Examining media coverage of the 2011 tsunami in Japan, Roshan Sivaraman questions why we have a tendency to imagine the destruction from such events as unavoidable, suggesting that such a framing too quickly relinquishes society from the burden of anticipating and preventing such tragedies in the future. And for those who might imagine big data and the computer age as a solution to limitations of subjectivity, Emma Stone exposes how artificial intelligence, too, often is trained on biased datasets, lacks transparency, and may be employed in ways that cause more harm than good. All of these essays demonstrate the urgent need to retain that which makes us human, and Brielle Telfair looks toward our own Boston MFA to think about the way art can nurture and heal the human within.

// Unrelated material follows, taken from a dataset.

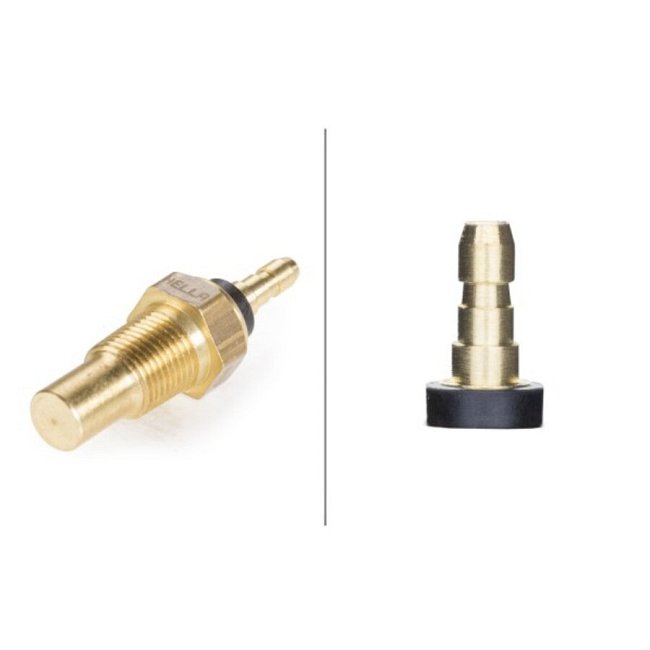 Capteur Hella 6pt 009 107-641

The last few years have witnessed a rapid expansion in alternative genres, digital and multimodal forms, and creative writing work in Writing Program classes. We are delighted to devote an entire section of this issue to a small sampling of this new diversity in genre and form. Zaiyue Gui’s “The Sunbonnet” is a short story set in China in the midst of World War 2, while Layla Thu Nguyen’s “ When the Lotus Speaks,” is a collection of intensely beautiful poems about intimacy, connection, language, and tenderness, inspired by Vietnamese language and cultural history. Rae Ruane and Jiayi Zhang each contribute graphic memoirs that reveal the great irony of memoir as a form: in writing about the uniqueness of one’s own experiences, their personal testimonies attend to universal themes of vulnerability, strength, growing up, and living with full recognition of the frailty and resilience of the human body.

Because communication is not always something that happens in writing alone, our issue concludes with Tiffany Liu’s video essay and Alyssa Bauman and Kamya Parekh’s podcast episode, both of which return to the theme of language, truth, and justice. Liu explores China’s struggle-to-success approach in climate change, while Bauman and Parekh engage in a smart (and often humorous) critical discussion of “The Little Mermaid” retellings, a fishy tale (tail?) to launch us into summer.

The warm, verdant promise of summer is so well captured in our cover image by Iris Ren. The figure relaxes in the arms of the arboreal landscape, a book over their face. Are they reading, or are they asleep? Perhaps a little of both, not a bad combination at all.